Sylvia (*** out of four stars), which opened Tuesday at Broadway's Cort Theatre, traces the love story between a man and that creature ordained by evolution as his best friend and greatest source of unconditional affection. "My aim in life is to please," Sylvia tells Greg and his decidedly wary wife, Kate, early on.
But Sylvia has her own needs; and as played by the adorable and astute comedic actress Annaleigh Ashford -- a Tony Award winner for her inspired daffiness in last season's revival of You Can't Take It With You -- she makes them known without apology.
This new production of the A.R. Gurney play, directed with a winking eye and a buoyant heart by Daniel Sullivan, casts Matthew Broderick as Greg, a man who has grown fed up with his work and perhaps a little itchy in his marriage. There's never any question that Greg and Kate love each other, but they seem to want different things at this juncture in their lives. Kate, an ambitious teacher -- played by a wonderfully wry Julie White -- feels newly liberated in their empty nest, and is eager to move forward in her career.
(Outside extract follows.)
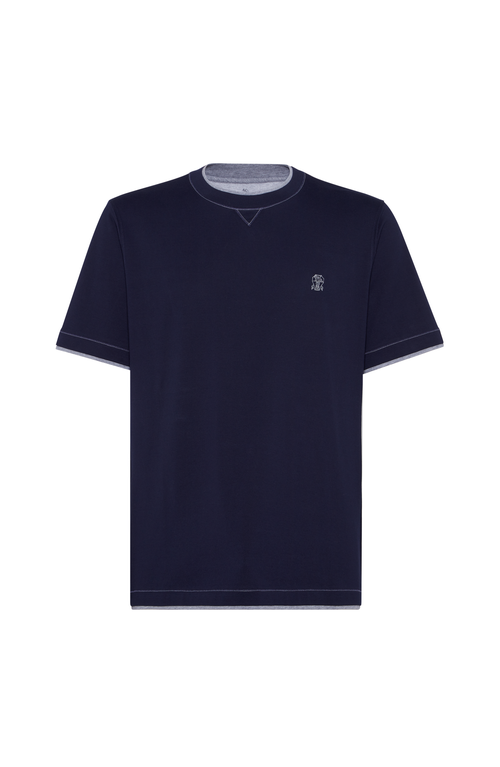 Brunello Cucinelli Short-sleeved Crew Neck T-shirt With Contrasting Stitching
Greg, a salesman being pushed into trading commodities, feels disillusioned and restless. (The play is set in 1995, the year of its off-Broadway premiere.) Playing with Sylvia in the park, he feels reconnected and rejuvenated in an almost primal way. The dog becomes, essentially, the other woman, even clashing with Kate. "All you are is a menopausal moment," the frustrated wife tells her four-legged rival near the end of Act One.
Broderick is very much in his comfort zone playing the blithely goofy straight man. He has strong foils here in Ashford and White, and in Robert Sella, who multitasks flamboyantly as another over-attached dog owner, a boozy matron and a gender-bending shrink. (Sella overplays the latter two characters at points, though a recent preview audience ate up his ham.)
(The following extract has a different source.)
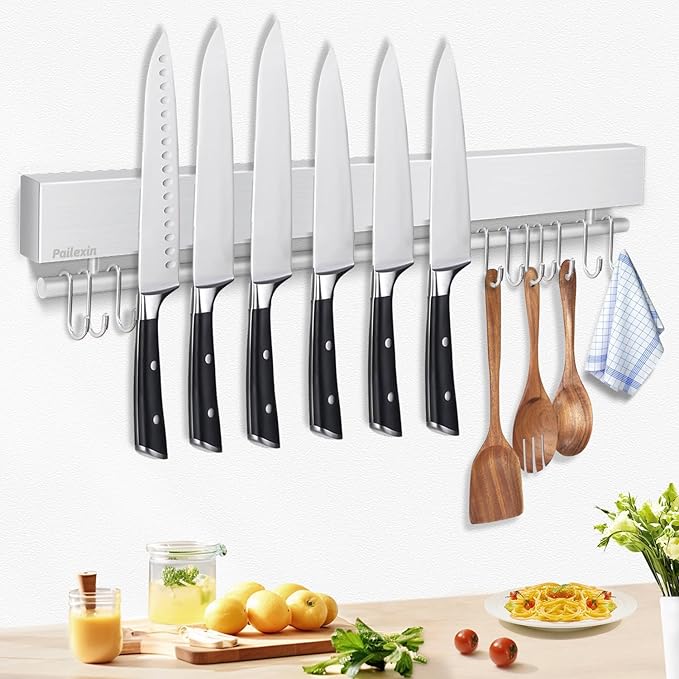 Pailexin 20 inch magnetic knife holder with 10 hooks, no drilling knife magnetic strip, and utensil hanger for wall. Powerful knife magnet rack includes tape and screw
Ashford has the juiciest role, of course, and she plays it to hilt, without letting Sylvia chew the scenery (or Kate's red heels) entirely. The actress is a riot sliding on knee pads, wagging her legs around and rushing down the aisle to suggest hot pursuit of a male canine.
But it's Ashford's enormously expressive face that draws us in most, her eyes flaring and teasing and pleading, tickling and ultimately touching us. Even the unenlightened -- that is, folks who don't already love dogs -- are bound to lose their hearts.